From: jamsden@us.ibm.com
To: ietf-dav-versioning@w3.org
Message-ID: <852568BA.00051736.00@d54mta03.raleigh.ibm.com>
Date: Thu, 6 Apr 2000 20:55:34 -0400
Subject: Re: Questions on activities
<geoff>
The reason CM systems restrict the names of versioning metadata is
because those restrictions are essential for an implementation that
scales. In particular, you can't efficiently cache information that
is out of your control (i.e. in a namespace you don't control).
So versioning metadata names will need to be restricted in order to
provide CM functionality for the number of resources found on today's
web sites.
</geoff>
<jra>
Perhaps I'm missing something, but I don't see this.
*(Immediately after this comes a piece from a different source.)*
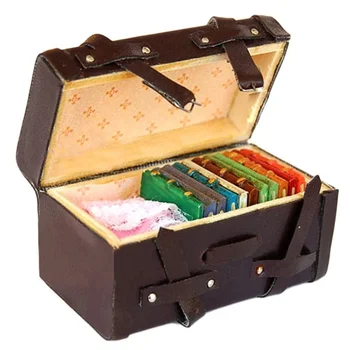 Mini bagaglio in legno in pelle vintage in miniatura per casa delle bambole 1/12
I agree that CM
systems need to make all kinds of restrictions in order to manage the
integrity of their repositories, and provide efficient implementations
through predictable caching. But I don't see what this has to do with a
WebDAV server that interfaces to these CM systems. I think the server
mappings to the CM system allow the CM system to maintain its restrictions
while the additional flexibility is implemented only in the WebDAV server.
So for example, the CM system can do all the caching it wants, and restrict
versioning metadata as necessary to make it efficient. Its up to the WebDAV
server implementation on that CM system to manage its bindings to the
cached and restriced resources, including any additional caching and
restrictions the WebDAV server may wish to impose on its behalf. Its using
WebDAV as an associative object between the many-to-many association betwen
clients and CM systems that enables this flexibility. So I don't think
these CM restrictions are invalid, I just don't think the necessarily need
to be exposed in the WebDAV protocol. Make sense?